[Opening SUPPLIED RECORDS section]

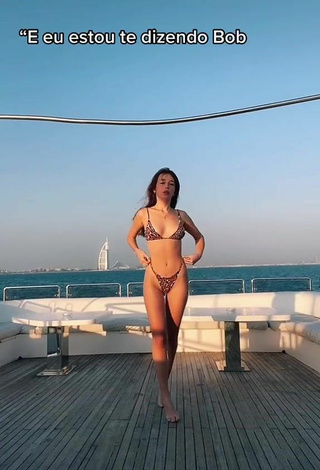 Hot Duda Reis in Leopard Bikini on a Boat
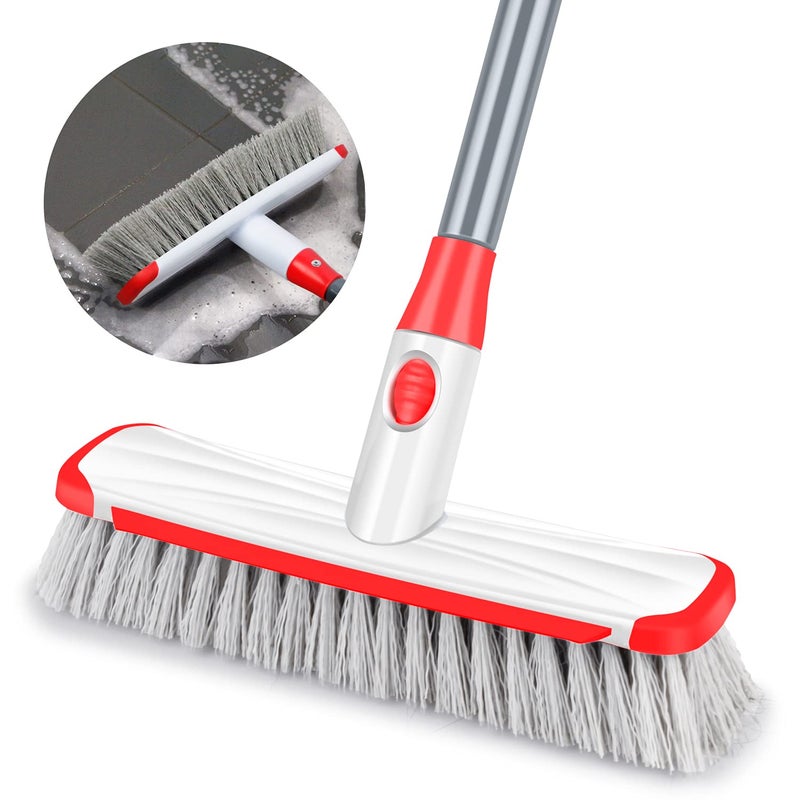 ILAVCOOL Floor Scrubber with Long Handle, 2 in 1 Scrubbing Brush Stiff Bristle Shower Cleaning Brush for Bathroom, Kitchen, Tub, Carpet, Grout, Tile(White) - Image 1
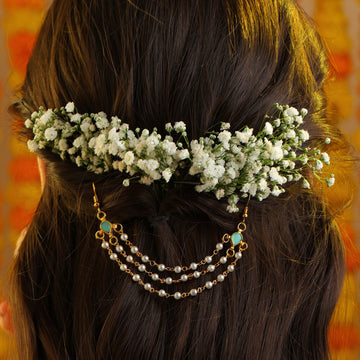 Firoza Passa Turquoise Triple Pearl Chain Hair Drape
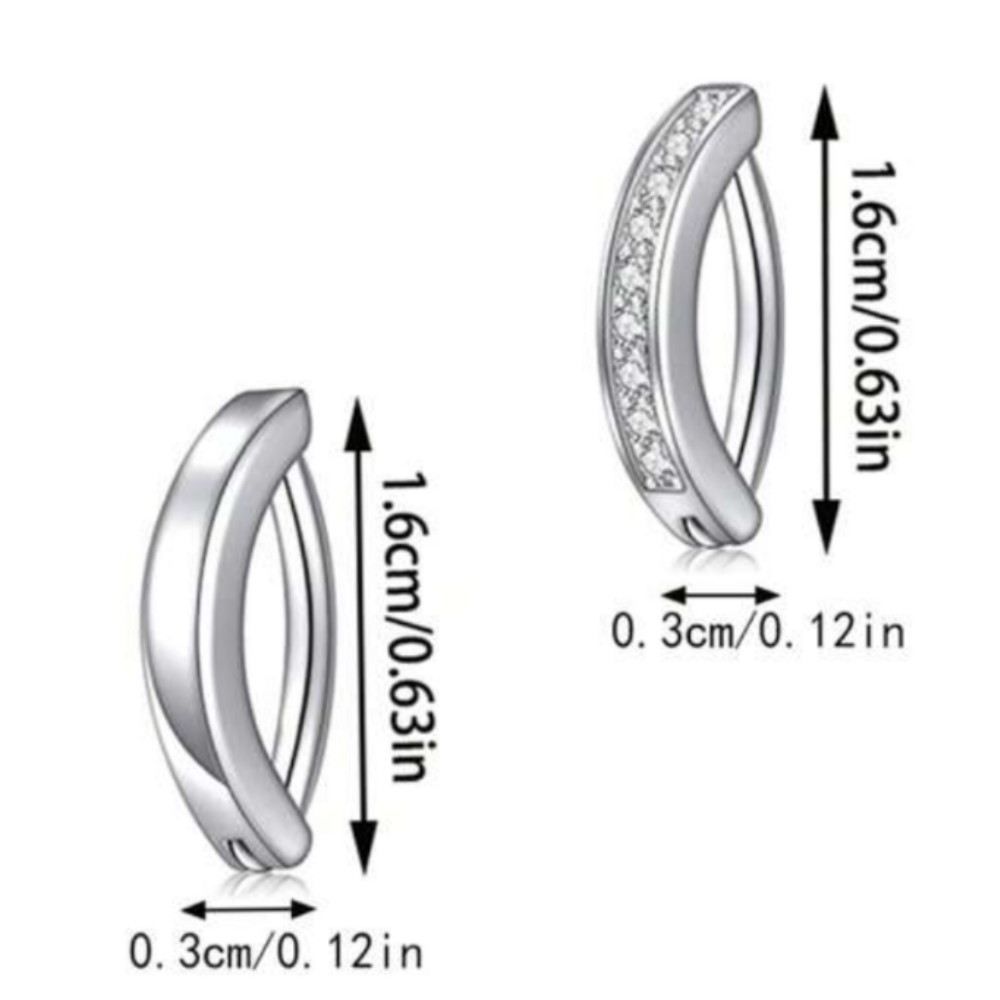 Silver hoop earrings with dimensions labeled on a white background
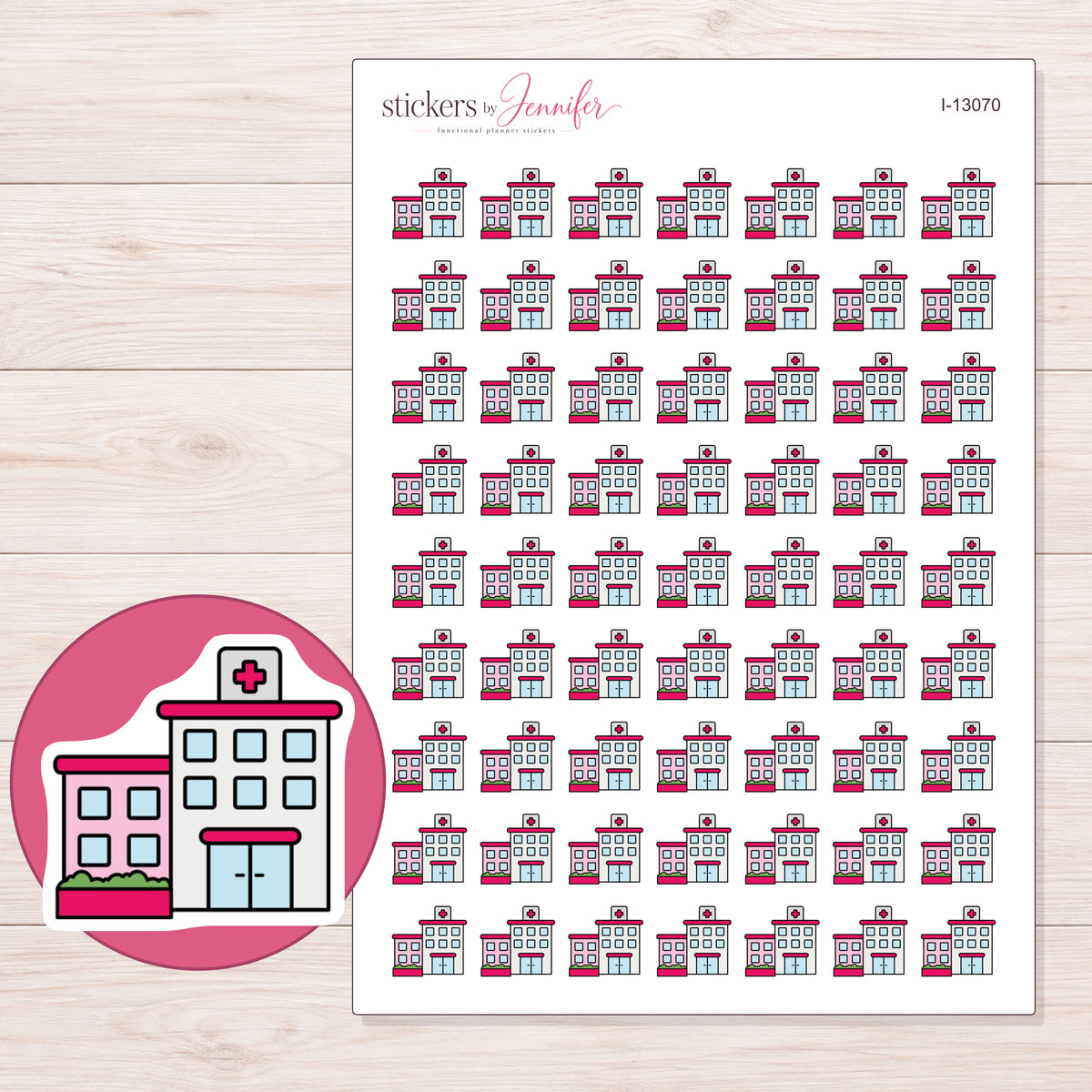 I-13070 planner sticker sheet with enlarged sticker detail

[Closing SUPPLIED RECORDS section]

### [WHAT IS EXPECTED]
Within the entries above, the lines from the one with "ILAVCOOL Floor Scrubber" through the final line are to be printed exactly, with the pictures removed.

### [SOLUTION TO THIS TASK]
 ILAVCOOL Floor Scrubber with Long Handle, 2 in 1 Scrubbing Brush Stiff Bristle Shower Cleaning Brush for Bathroom, Kitchen, Tub, Carpet, Grout, Tile(White) - Image 1
 Firoza Passa Turquoise Triple Pearl Chain Hair Drape
 Silver hoop earrings with dimensions labeled on a white background
 I-13070 planner sticker sheet with enlarged sticker detail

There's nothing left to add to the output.